Molte aziende si trovano in zone non servite dalla ADSL. Anche quando il servizio ci sarebbe, a causa la lunghezza della connessione in doppino, ottenere velocità superiori a 2 Mbit/s non è semplice.
D’altra parte, le necessità di traffico dati che una moderna azienda esprime sono in continuo aumento, spinte dalle applicazioni della Unified Communication. Oggi Confindustria stima che una connessione a 10 Mbit/s sia un target minimo per gli accessi business, e la mancata disponibilità di questo servizio costituisca una forte penalizzazione.

Esistono tuttavia varie alternative. Tra esse: l’uso di penne Internet, con connettività in HSDPA fino a 28 Mbit/s (ma prevalentemente nelle grandi città); il ricorso a connessioni satellitari (che però soffrono del lungo tempo di latenza introdotto dalla tratta via satellite); infine lo sfruttamento di collegamenti wireless.

In molte regioni italiane, le amministrazioni pubbliche hanno installato reti wireless pubbliche, per il superamento del Digital Divide territoriale, dandone spesso la gestione ad enti terzi. Dove anche queste soluzioni non sono disponibili, un’azienda può considerare l’eventualità di installare per proprio conto un collegamento a microonde, in grado di connetterla al più vicino punto di accesso a larga banda.

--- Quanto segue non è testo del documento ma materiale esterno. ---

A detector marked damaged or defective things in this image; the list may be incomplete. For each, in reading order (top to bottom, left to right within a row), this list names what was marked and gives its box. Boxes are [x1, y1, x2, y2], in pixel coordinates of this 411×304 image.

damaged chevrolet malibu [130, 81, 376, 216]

Oggi sono disponibili soluzioni relativamente a buon mercato, con capacità fino a 300 Mbit/s, pertanto in grado di supportare le necessità di intere zone industriali. Esse sono offerte da diversi produttori, in concorrenza tra loro. Sfruttano accorgimenti tecnologici d’avanguardia, come il MIMO (Multiple Input Multiple Output), tra le due polarizzazioni, e eventualmente tra più antenne. Utilizzano la banda libera di 5.4 GHz, con buona resilienza contro le possibili interferenze (favorita anche dalla forte direttività delle antenne), oppure bande licenziate (tipicamente a frequenze superiori), il cui costo di licenza annuo risulta accettabile, se condiviso tra una pluralità di utenti.

L’obsolescenza delle apparecchiature è lenta, poiché si tratta ormai di prodotti tecnologicamente maturi; la loro affidabilità è elevata, con il conseguente costo di manutenzione ridotto al minimo; la riconfigurabilità è semplice, qualora si presentino esigenze di modifica dei tracciati. Tutto ciò permette di spalmare l’ammortamento dell’investimento nell’arco di almeno un decennio.

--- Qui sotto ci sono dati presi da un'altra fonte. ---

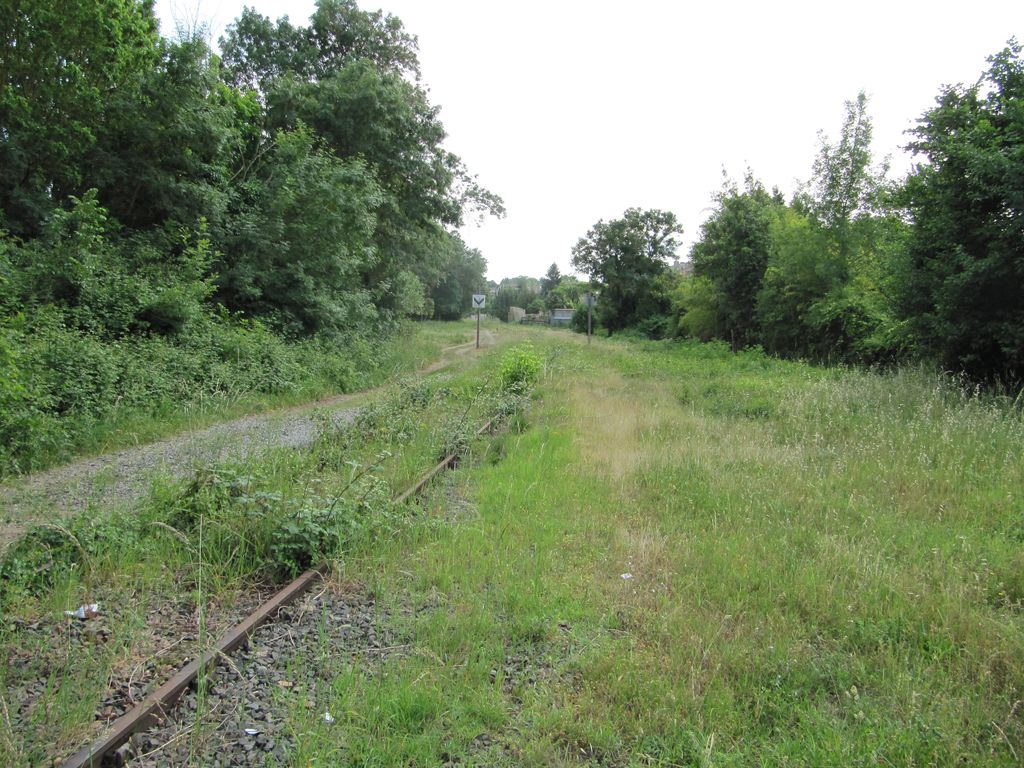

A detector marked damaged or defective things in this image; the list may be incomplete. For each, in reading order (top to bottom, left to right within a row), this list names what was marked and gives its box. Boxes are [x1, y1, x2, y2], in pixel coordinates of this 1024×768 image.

Occorrerebbe che su queste infrastrutture insistessero dei servizi orientati alle aziende, e alla loro fruizione sia in modo residente, sia in mobilità. Tali servizi dovrebbero essere capaci cioè di riconoscere l’utente in una pluralità di modalità di accesso.

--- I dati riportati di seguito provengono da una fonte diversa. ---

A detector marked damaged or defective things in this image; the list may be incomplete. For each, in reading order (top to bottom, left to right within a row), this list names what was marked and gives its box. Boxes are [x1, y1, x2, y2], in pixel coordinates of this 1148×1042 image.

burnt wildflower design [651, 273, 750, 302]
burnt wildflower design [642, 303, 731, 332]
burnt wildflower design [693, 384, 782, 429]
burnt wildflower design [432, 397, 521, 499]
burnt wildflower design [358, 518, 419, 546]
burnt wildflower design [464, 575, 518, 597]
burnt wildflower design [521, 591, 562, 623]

Questa prospettiva dovrebbe coinvolgere necessariamente un operatore, il quale intraveda nella possibilità di aumentare il proprio pacchetto di clienti business, una opportunità di mercato capace di contraddistinguerlo dagli altri. In tal caso, Confindustria e gli Enti Locali potrebbero trovare gli strumenti più idonei per favorire la costituzione di consorzi territoriali tra le aziende che ancora soffrono del problema di un difficile accesso a larga banda, nella prospettiva di beneficiare di una offerta con notevole valore aggiunto.